"S. Vicente, 9 de dezembro de 1954.

Nazarius,

Recebi a sua carta.

Você me escreveu que vai sair no dia 26 de dezembro (domingo). No sábado seguinte, 1º de janeiro, iremos todos de automóvel para Campinas e outras cidades por perto, durante uma semana ou mais. Quando você chegará a S. Paulo? É bastante chegar antes de 31 de dezembro. Tomamos compromissos para sair no dia de Ano Novo.

Em Campinas, seremos hóspedes de amigos. Depois iremos a Porto Ferreira e conhecerá a casinha.

Peço não pedir para mim e não enviar mais dinheiro. Já aproveitei bastante da sua grande bondade e dos meus amigos daí. Deus está me ajudando e tenho muito menos preocupações.

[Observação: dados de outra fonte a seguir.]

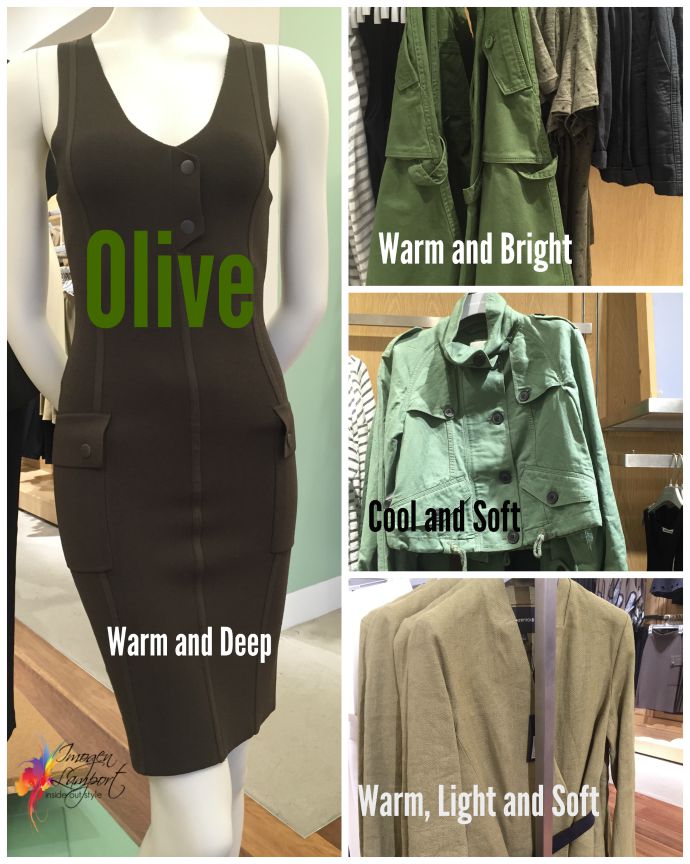 How to pick a a cool or warm khaki or olive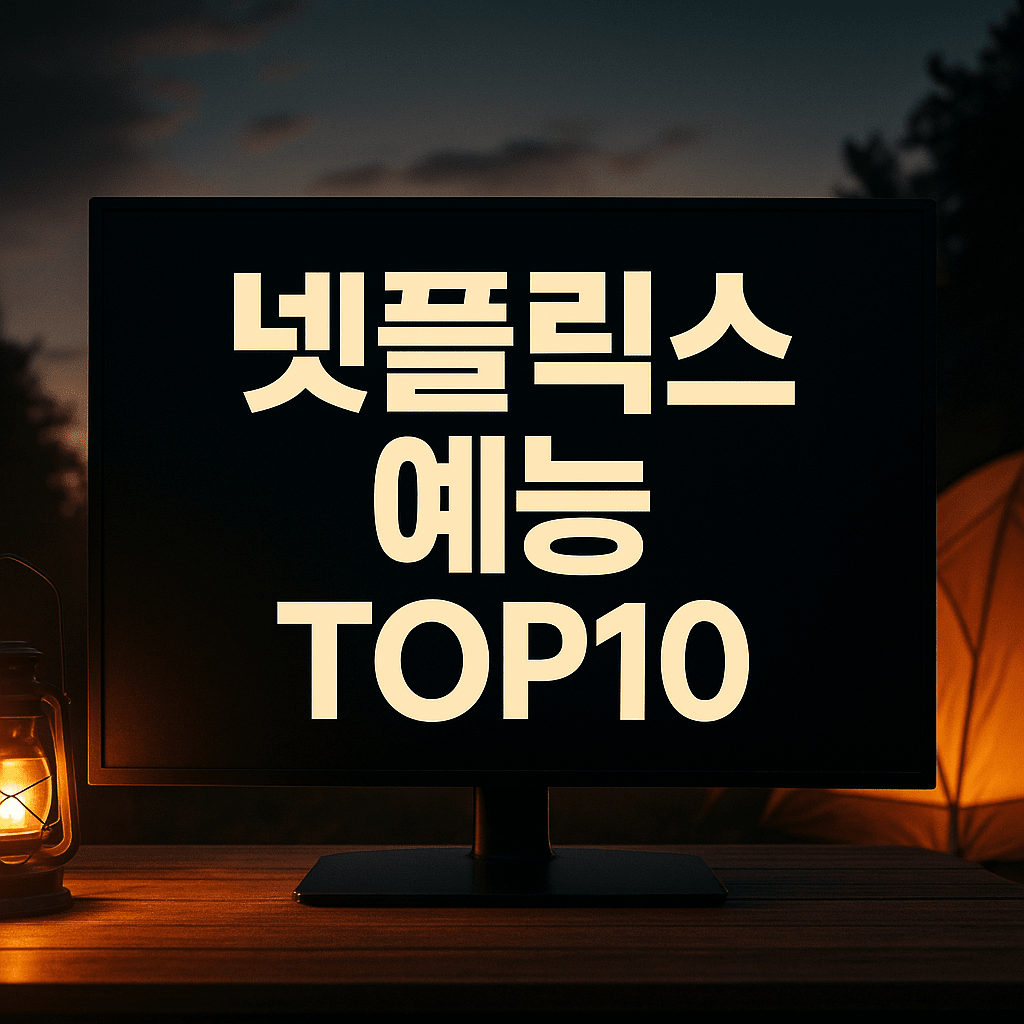 넷플릭스 예능 추천 TOP10 ｜ 지금 꼭 봐야 할 인기 예능 정리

No próximo domingo, 12 de dezembro, sairei novamente para o interior, Ribeirão Preto, para conferências. Ficarei lá, creio, uma semana.

Faço, desde agora, a você, a Clóvis e a todos os amigos votos de felicidade pelo Natal.

Aqui, ontem, recebi uma triste notícia, que me abalou um pouco. Foi o falecimento de D. América. Foi uma grande pena. Estou orando por esta alma querida. Tinha uma grande bondade e me hospedou com carinho na sua casa por muito tempo. Enviei uma carta e um telegrama à família de José Américo. É uma alma boa que subiu para o céu.

O novo contrato com o editor está assinado, de modo que esta luta acabou. Ele me diz que não pode pagar nada, nem vou pedir nada a ele.

Ficou a luta do apartamento. Esta já está encaminhada e é muito menor. Estou aliviado daquele grande peso. “Sua Voz” profetizou bem, disse que pelo Natal o problema estará resolvido. Assim vai acontecer.

Votos de felicidade pelo casamento de seu irmão.

Estou aguardando a sua vinda.

Um grande abraço a todos.

Pietro Ubaldi"

COMENTÁRIO

Em 1951, quando Ubaldi terminou as conferências, no fim de outubro, depois de um esforço tremendo por todo o Brasil, adoeceu. Regressou a Campos com seu intérprete, Clóvis Tavares, e não teve condições de retornar à Itália. Os pais de José Américo, D. América e o Sr. Sebastião Pessanha, deslocaram-se para Atafona e lhe proporcionaram um repouso à beira mar. Ali se recuperou e permaneceu até o mês de dezembro, quando retornou ao seu país. No verão de 1953, como já vimos (cap.2), o Professor voltou a ser hóspede da família Pessanha. Era um casal boníssimo e os filhos (José Américo, Dulce, Dilce e Diva) herdaram a bondade, a educação, a finura e todas as demais virtudes dos seus pais.

Pietro Ubaldi tinha a preocupação de transmitir a Nazarius as experiências evangélicas vividas por ele. Daí as suas cartas com detalhes de todos os acontecimentos. Os fatos eram narrados à luz da Lei de Deus, mostrando o resultado prático de um Evangelho vivido, experimentado, controlado. Um fenômeno deslumbrante do ponto de vista espiritual. Nunca aquele jovem aprendeu tanto em tão pouco tempo. Aulas teóricas e práticas dos ensinamentos de Cristo que lhe valeram para toda eternidade.

Neste fim de 1954, Pietro Ubaldi está mais tranquilo: o contrato com a LAKE foi assinado por um período limitado e somente para os livros escritos na Itália; o apartamento será resolvido e os outros problemas também.